** Your goal **
Transcribe only the lines in the data below falling between the line with "Conjunto <span class=keywords><strong>de</strong></span>" and the line with "Stone Croco & Natural Mini Kuai", including those two lines, and leave out any picture.

** Dataset excerpts **
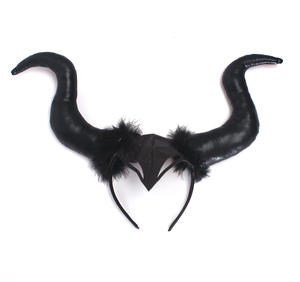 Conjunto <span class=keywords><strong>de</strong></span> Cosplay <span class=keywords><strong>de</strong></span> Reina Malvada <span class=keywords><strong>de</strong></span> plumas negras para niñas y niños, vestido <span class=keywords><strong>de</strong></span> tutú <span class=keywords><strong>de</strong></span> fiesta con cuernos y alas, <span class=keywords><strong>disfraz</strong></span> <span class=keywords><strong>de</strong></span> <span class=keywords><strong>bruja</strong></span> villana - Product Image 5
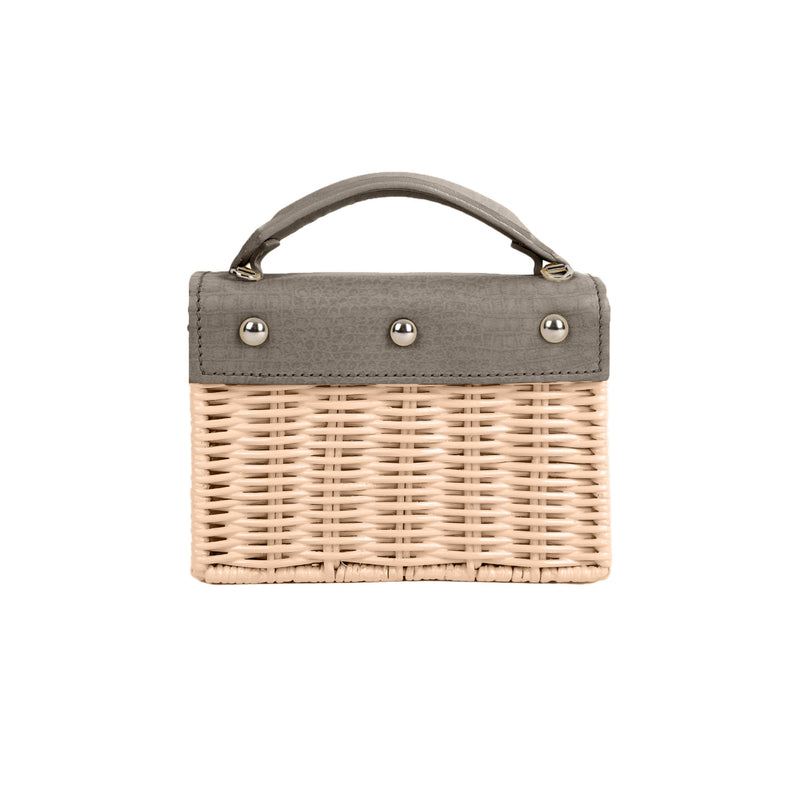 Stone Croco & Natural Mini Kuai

...

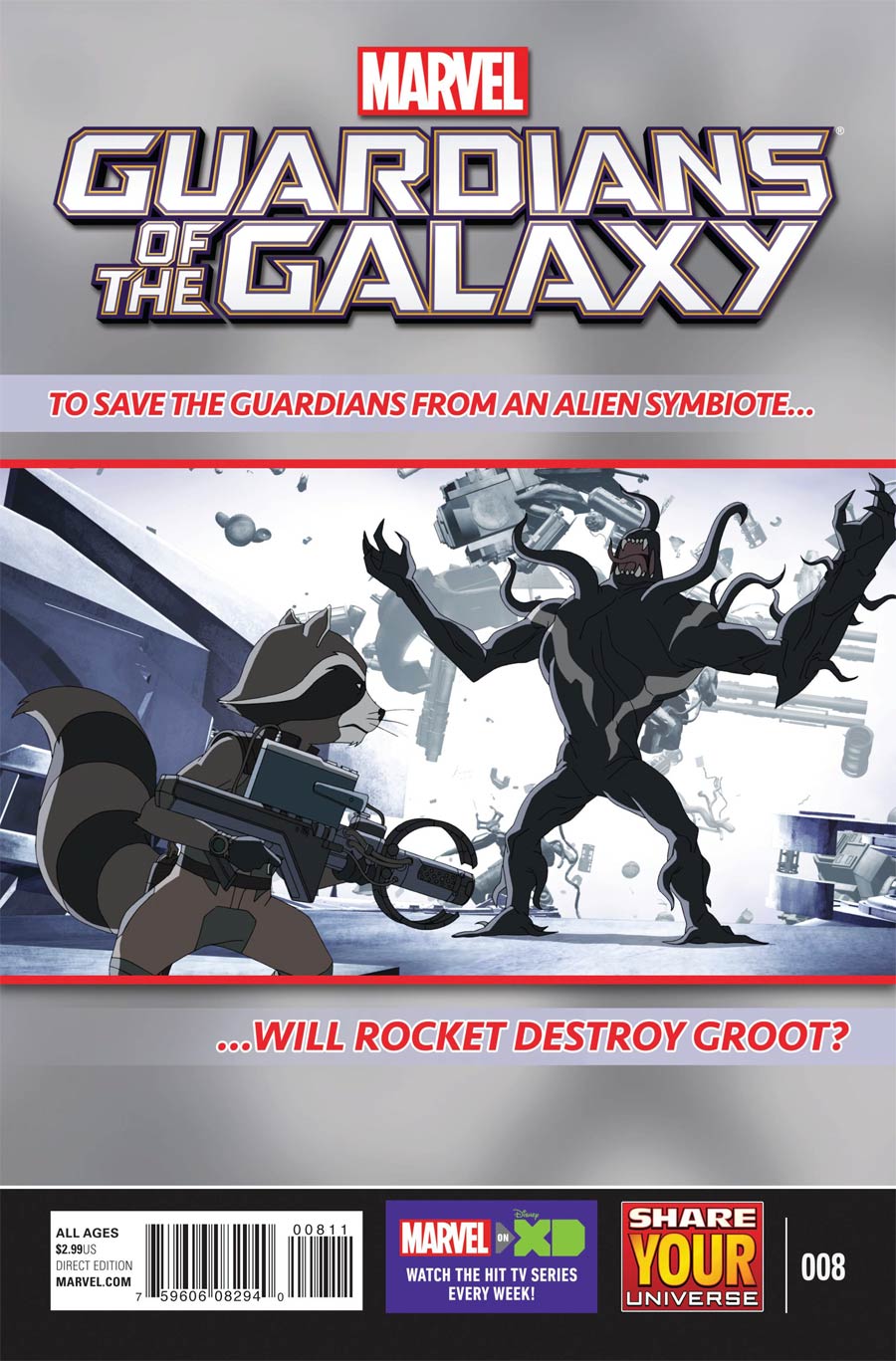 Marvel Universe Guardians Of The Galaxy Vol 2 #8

** Result of this exercise **
 Conjunto <span class=keywords><strong>de</strong></span> Cosplay <span class=keywords><strong>de</strong></span> Reina Malvada <span class=keywords><strong>de</strong></span> plumas negras para niñas y niños, vestido <span class=keywords><strong>de</strong></span> tutú <span class=keywords><strong>de</strong></span> fiesta con cuernos y alas, <span class=keywords><strong>disfraz</strong></span> <span class=keywords><strong>de</strong></span> <span class=keywords><strong>bruja</strong></span> villana - Product Image 5
 Stone Croco & Natural Mini Kuai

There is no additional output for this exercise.